Trasformare in terra fertile campi quasi inutilizzabili. Lo svizzero Ernst Götsch, padre del metodo di coltivazione sintropica, ci è riuscito con una piantagione di cacao abbandonata a Bahia, nel nord-est del Brasile, trasformandola in una «farm» rigenerativa. È diventato così una sorta di guru della coltivazione sintropica. Il modello rientra nel concetto più ampio di agricoltura rigenerativa.
Cos’è l’agricoltura rigenerativa e perchè serve al pianeta
Il metodo spiegato dalla giornalista Silvia Lazzaris : «Non ridisegnerà il sistema globale da sola, ma è uno strumento potente per recuperare suoli degradati, combattere la desertificazione, rafforzare le comunità rurali»

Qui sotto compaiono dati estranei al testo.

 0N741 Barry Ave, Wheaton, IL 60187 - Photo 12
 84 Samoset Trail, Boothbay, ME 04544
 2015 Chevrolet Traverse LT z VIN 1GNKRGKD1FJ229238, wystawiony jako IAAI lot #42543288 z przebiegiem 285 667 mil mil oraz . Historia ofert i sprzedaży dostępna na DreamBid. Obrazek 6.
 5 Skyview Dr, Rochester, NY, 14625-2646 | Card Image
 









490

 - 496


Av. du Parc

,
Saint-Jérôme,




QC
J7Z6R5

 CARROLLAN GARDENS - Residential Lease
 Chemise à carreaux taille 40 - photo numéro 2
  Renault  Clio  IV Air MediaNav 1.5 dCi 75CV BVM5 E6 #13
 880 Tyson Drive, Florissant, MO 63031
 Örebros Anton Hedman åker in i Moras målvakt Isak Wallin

L’esperienza è raccontata dalla giornalista freelance Silvia Lazzaris, che ha visitato la «farm» di Götsch e l’ha intervistato: ne parla nel documentario «Farming, Redefined» , prodotto da FoodUnfolded e distribuito in Italia da Will Media. «Visitare l’azienda di Götsch – spiega Lazzaris – ribalta completamente il concetto di campo coltivato. A un primo sguardo si mimetizza con la foresta atlantica; poi, osservando con attenzione, ci si accorge che a ogni livello di copertura forestale ci sono coltivazioni: cacao, banane, frutti tropicali. Tutto è coltivato senza una goccia di irrigazione, fertilizzante, pesticida».
Il principio di fondo
Qual è il concetto alla base dell’agricoltura rigenerativa? «Il principio di fondo è lasciare il suolo in condizioni migliori di come lo si è trovato. È in parte una risposta alle ferite lasciate dall’agricoltura convenzionale, a un utilizzo eccessivo di fertilizzanti e pesticidi, alla perdita di biodiversità, acqua e suolo», spiega la giornalista, specificando che ci sono diverse forme agricole che rientrano nella categoria di rigenerative. «Ci sono alcuni elementi in comune con l’agricoltura biologica, come la rotazione delle colture o le piantagioni di carrubo. L’agricoltura rigenerativa, però, rispetto al biologico non impone pratiche: si parla di principi da tradurre in misurazioni e risultati tangibili. Per esempio, non si vieta l’uso di pesticidi, ma si mira a capire quanta acqua trattiene il suolo, quanti microbi o nutrienti ci sono al suo interno – prosegue Lazzaris –. Non tutti gli esempi di “farm” rigenerative adottano il metodo di Götsch: un elemento comune è l’attenzione forte al riequilibrio dell’ecosistema. La convivenza con flora e fauna autoctone è fondamentale, le erbacce sono considerate le migliori amiche dell’agricoltore». Anche sul piano giuridico la distinzione è importante: «Il termine “rigenerativo” lascia ancora ampio margine di interpretazione, a differenza del biologico che, regolamentato a livello europeo attraverso standard rigidi, copre solo il 10% dei terreni agricoli europei e il 2% di quelli mondiali. La mancanza di una certificazione ufficiale implica, da un lato, una leggerezza burocratica e un’adattabilità ai contesti, dall’altro il rischio di svuotarsi di ogni significato e trasformarsi in greenwashing», sostiene Lazzaris.
Un esempio anche a Ibiza
Il documentario pone l’accento sul tema dei limiti di applicazione di questa tipologia di agricoltura: «Molti sostengono che non siano climatici o geografici ma legati alla forza lavoro – osserva Lazzaris –. Servirebbero molte persone e molti terreni. Non c’è solo la foresta atlantica: dal documentario emerge anche l’esempio di una realtà spagnola, Juntos Farm di Ibiza, dove la rigenerazione è intesa come il rafforzamento delle comunità locali e della loro indipendenza. «L’avanzamento tecnologico potrebbe aiutarci, ma quello sviluppato finora funziona soprattutto per le monocolture e l’agricoltura convenzionale.
L’agricoltura rigenerativa non ridisegnerà il sistema globale da sola, ma è uno strumento potente per recuperare suoli degradati, combattere la desertificazione, rafforzare le comunità rurali. Soprattutto insegna che le monocolture non sono l’unica via».